- **Exercise brief**
Write out exactly the lines below from the one containing "Kingston NV2 SSD" to the last, both ends kept, and nothing more; skip all pictures.

- **Data below**

▬▬▬▬▬▬

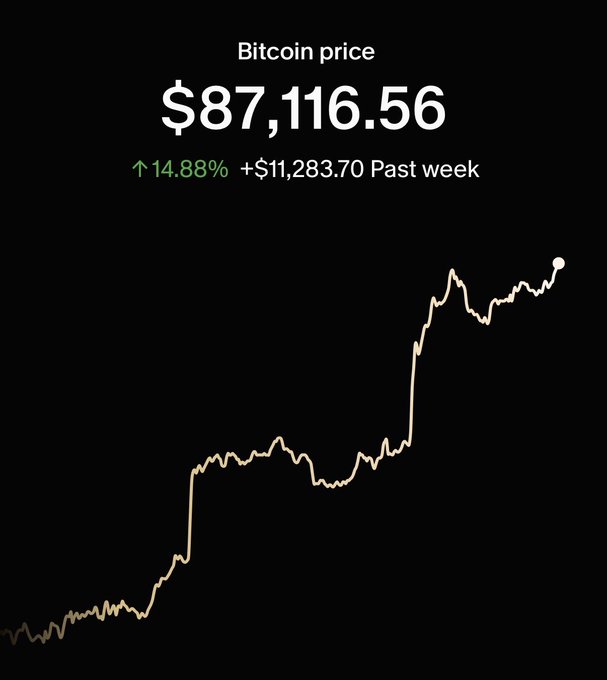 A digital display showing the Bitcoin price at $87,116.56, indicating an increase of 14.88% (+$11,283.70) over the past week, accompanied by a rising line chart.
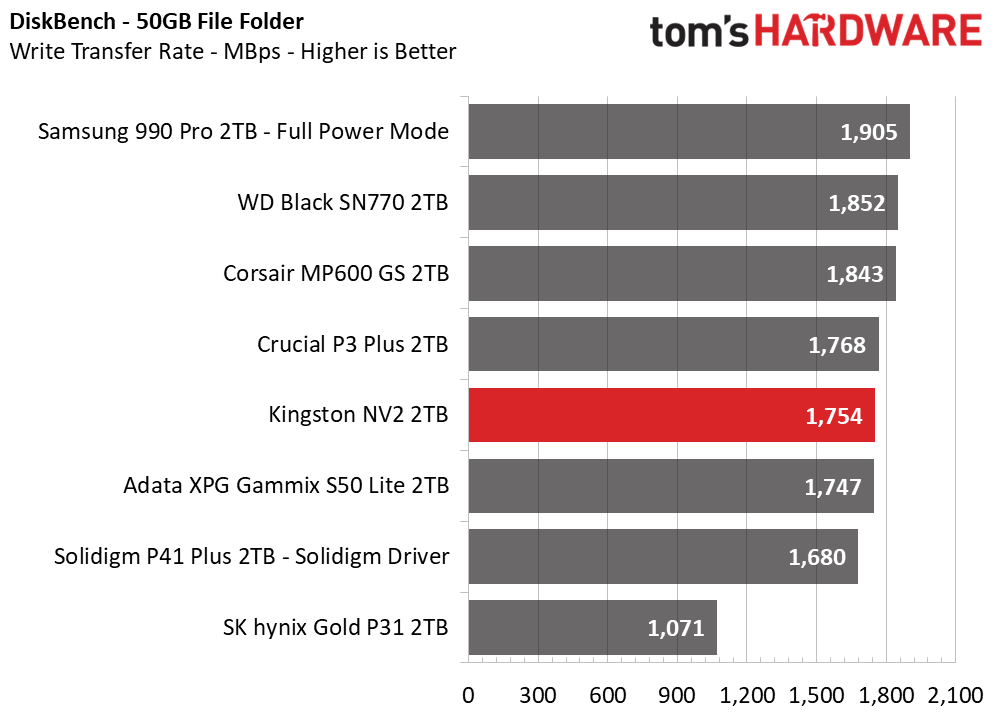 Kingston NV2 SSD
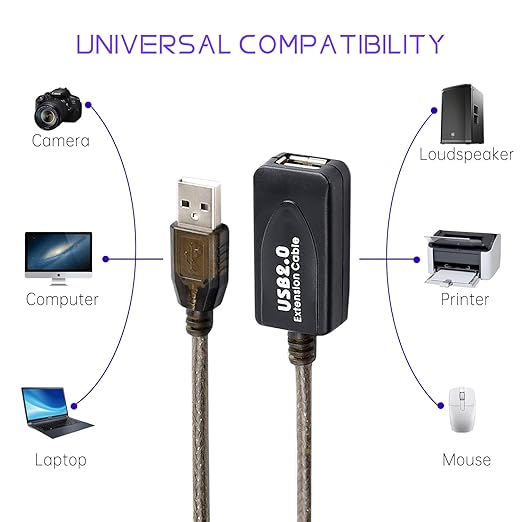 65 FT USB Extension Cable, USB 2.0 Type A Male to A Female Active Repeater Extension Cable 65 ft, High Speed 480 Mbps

▬▬▬▬▬▬

- **Worked solution**
 Kingston NV2 SSD
 65 FT USB Extension Cable, USB 2.0 Type A Male to A Female Active Repeater Extension Cable 65 ft, High Speed 480 Mbps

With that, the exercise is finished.